Leaving out all pictures, write out word for word the lines from the one containing "پرده پذیرایی ۶" to the end of the data below.
*** Collected data ***
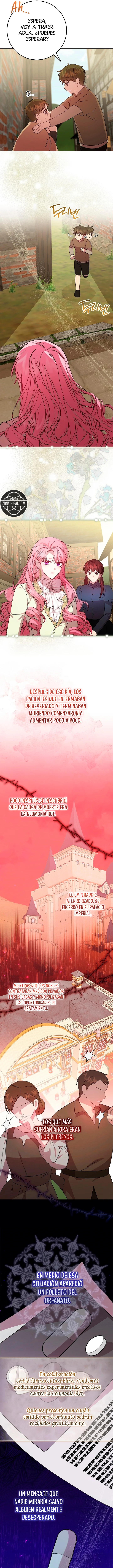 La Villana Es Sorprendida Patrocinando Capitulo 20 página 9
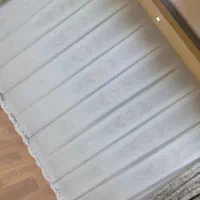 پرده پذیرایی ۶ متری اماده آکبند حراج|پرده، رانر، رومیزی|ارومیه, |دیوار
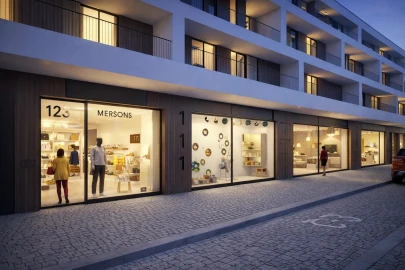 Loja para Venda em Paços de Ferreira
*** End of Collected data ***
### [Output for this exercise]
 پرده پذیرایی ۶ متری اماده آکبند حراج|پرده، رانر، رومیزی|ارومیه, |دیوار
 Loja para Venda em Paços de Ferreira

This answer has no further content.